Church authorities in the East were apprehensive in a similar way over their followership. They used excommunication as a deterrent to inordinate mingling with Muslims (Griffith 2008). The leaders preferred that religious boundaries were kept and not indiscreetly crossed. Keeping religious boundaries in a society dominated by the language of a rival religion, however, was unhelpful. A more realistic and engaging standpoint was eventually developed by the Christians. Christian theologians became more involved in communicating strategically with Islamic leaders and thinkers. All the various Christian communities tried to answer the questions put to them by the Muslims. Writing was a major means through which the responding was done. At the initial stage, most religious writings of the kind were majorly in Syriac or in Greek.

Engaging the Muslim theologians in a language other than Arabic may not have been so effective because Arabic had dominated how reason was constructed and communicated. Early Syrian theologians such as patriarch Sophronios of Jerusalem (d.c.639), Anastasius of Sinai (d.c.700) and St. John of Damascus (wr.730s) had written and debated in Greek (Hoyland 1997). But as time went on, it became increasingly clear that non-Muslim faith communities that could not speak Arabic had to use a ‘good, clear Arabic’ to explain and defend their faith before the ‘Arabic-speaking Muslim intellectuals’ (Griffith 2012:413–443).

The work of the Melkite theologians were the earliest documents to testify to this important language shift. Melkite Christian theology began to appear in Arabic around the late 8th and early 9th century (Awad 2015; Bertaina 2008:17–36; Griffith 2002; 2008; 2012:423). The Melkites had a strong presence in Palestine and across Syria, they had an unrivaled control of monasteries within and around Jerusalem, and they had the advantage of monastic theological intellectuality (Micheau 2006). Dossiers of church matters regarding a conflict between the Melkite patriarchs of Antioch and Damascus reveal that by the 9th century, there were Melkite patriarchates in Damascus, Jerusalem, Alexandria, and Antioch (Lamoreaux 2010). Each of these patriarchates had their ranks of bishops, notable members of laity, and good sources of income (Lamoreaux 2010). So, by the time it appeared pertinent for the Melkites to articulate and defend their faith in Arabic, they had some economic, structural, theological and demographic stamina.

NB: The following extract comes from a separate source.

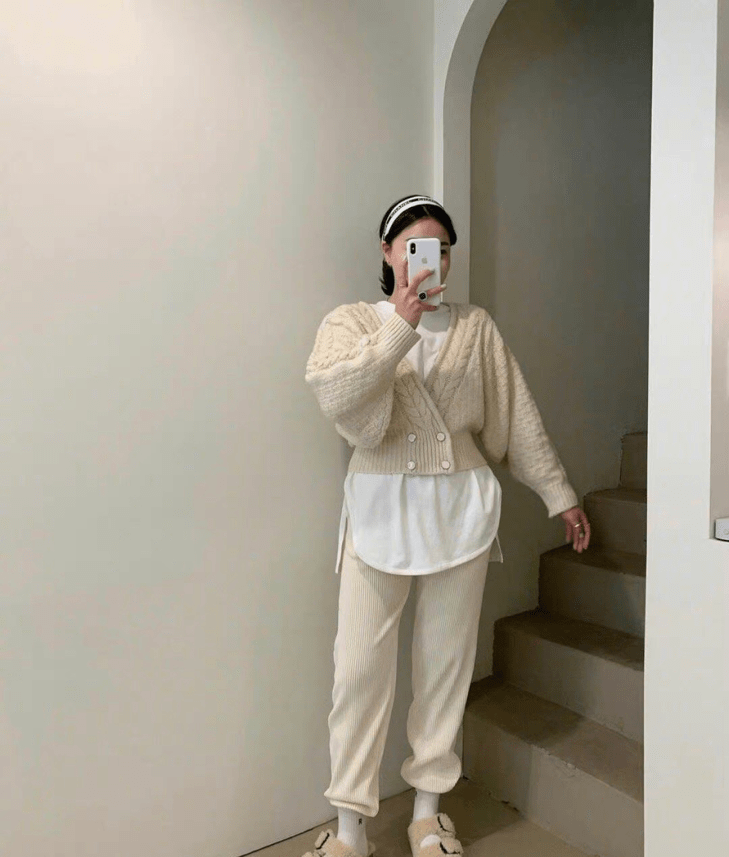饰品 慵懒风清纯又迷人，几件单品就能穿出法式风格
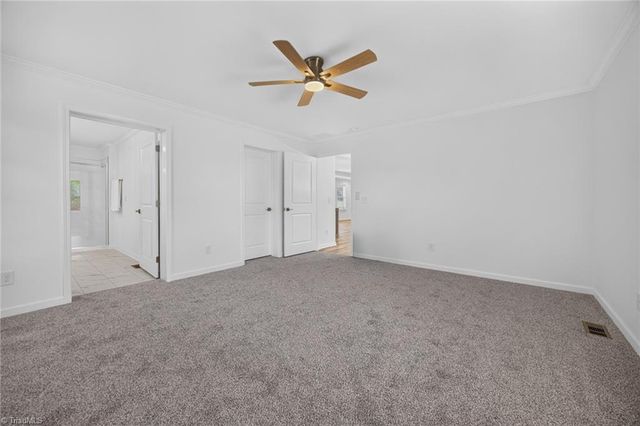 2274 Darwick Road, Winston-salem, NC 27127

An anonymously authored text from the Melkite faith group, agreed to have been from the late 8th century, which is now known as On the Triune nature of God, epitomises this strategic linguistic shift (Monferrer-Sala 2010:195–197). It is the first known Christian theological text in Arabic that precisely engages the sacred-texts of Christianity and Islam in a clear attempt to endorse Christian beliefs (Griffith 2006). It bears numerous qur’anic citations, which would be a typical feature of subsequent Melkite apologetic documents, and it leaves no doubt that Muslims and Arabic-speaking Christians were its target audience (Griffith 2008; 2014:251). It has been strongly suspected that one of the monks from the Melkite controlled monasteries within and around Jerusalem may have authored the piece (Griffith 2008). However, the first notable Melkite writer in Arabic is known to be a monk from the Mar Sabas monastery and a one-time bishop of Harran, Theodore AbūQurrah (d.820; Griffith 1997:11). AbūQurrah was one of the foremost Arab Christian theologians to take on the ‘formidable apologetic task of expounding Christian doctrine in an intellectual milieu dominated by Islam’ (Griffith 2002).

Analysing the language shift in Melkite Christian theology

The Arabisation of Melkite Christian theology is a strategic language adoption process that could be analysed in three ways: (1) to preserve, (2) to redefine, and (3) to explain the Melkite Christian heritage. These three points are discussed through certain sociolinguistic thoughts.

Language shift as a mode to preserve religious identity

Andree Tabouret-Keller had suggested that language and identity are mutually related, such that the choice of language in speech can be an attribute of the speaker’s identity (Tabouret-Keller 1997). Extended to Ben Rampton’s language crossing theory, it can further be said that an identity which derives from a speaker’s language choice affects how the speaker is accepted by an audience (Rampton 1999:54–56). One of the reasons for language switching has been underlined by Jennifer Miller to be the need for legitimate recognition, such that members of a minority language community often adopt a standard language for them to be heard and respected (Miller 2004). Arabic was a strong and pervading language which became a force in the spreading of the Islamic civilisation within late antique East and beyond. It is expected that preserving the identity of the Melkites as a minority Christian group would require cohesion building through emphasising the group’s vernacular. But after a period of resistance toward Arabic and sanctions on community members who patronise Muslims, the Melkite religious authority began to use Arabic in Christian education and in church life.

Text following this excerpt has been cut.